(Material provided)

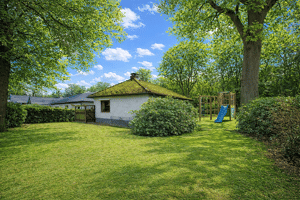 Familiengerechter Bungalow in Volksdorf auf großzügigem Grundstück – 22359 Hamburg – Vorschaubild 2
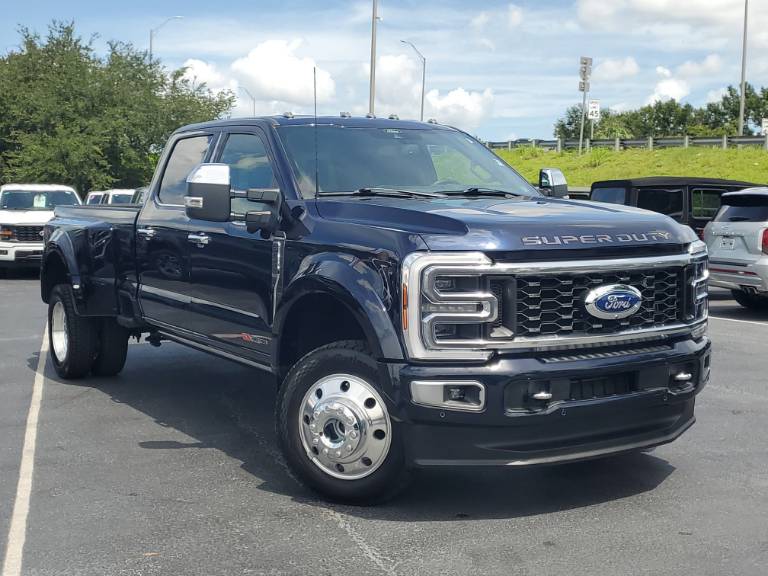 2024 Ford Super Duty F-450 DRW Platinum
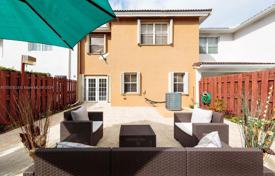 3-zimmer stadthaus 186 m² in West End, Vereinigte Staaten. $558 000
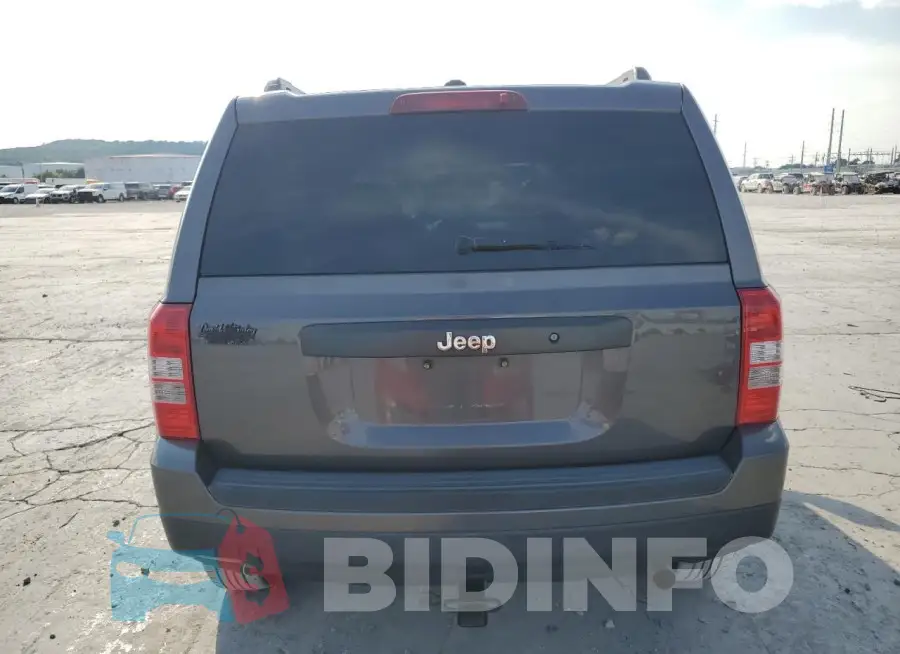 1C4NJPBB9GD554263 Photo# 6
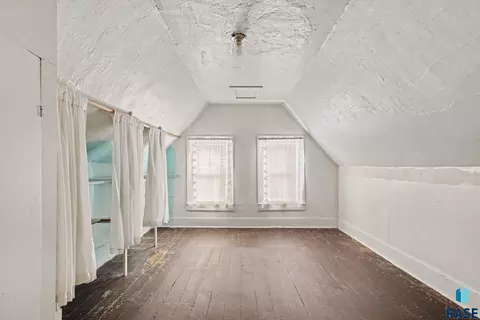Bedroom - 45018 233 St, Madison, SD 57042 photo 1 of 2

(End Material provided)

> [Task prompt]:
All of the lines above should be copied exactly, apart from the pictures.

> [Answer section]:
 Familiengerechter Bungalow in Volksdorf auf großzügigem Grundstück – 22359 Hamburg – Vorschaubild 2
 2024 Ford Super Duty F-450 DRW Platinum
 3-zimmer stadthaus 186 m² in West End, Vereinigte Staaten. $558 000
 1C4NJPBB9GD554263 Photo# 6
Bedroom - 45018 233 St, Madison, SD 57042 photo 1 of 2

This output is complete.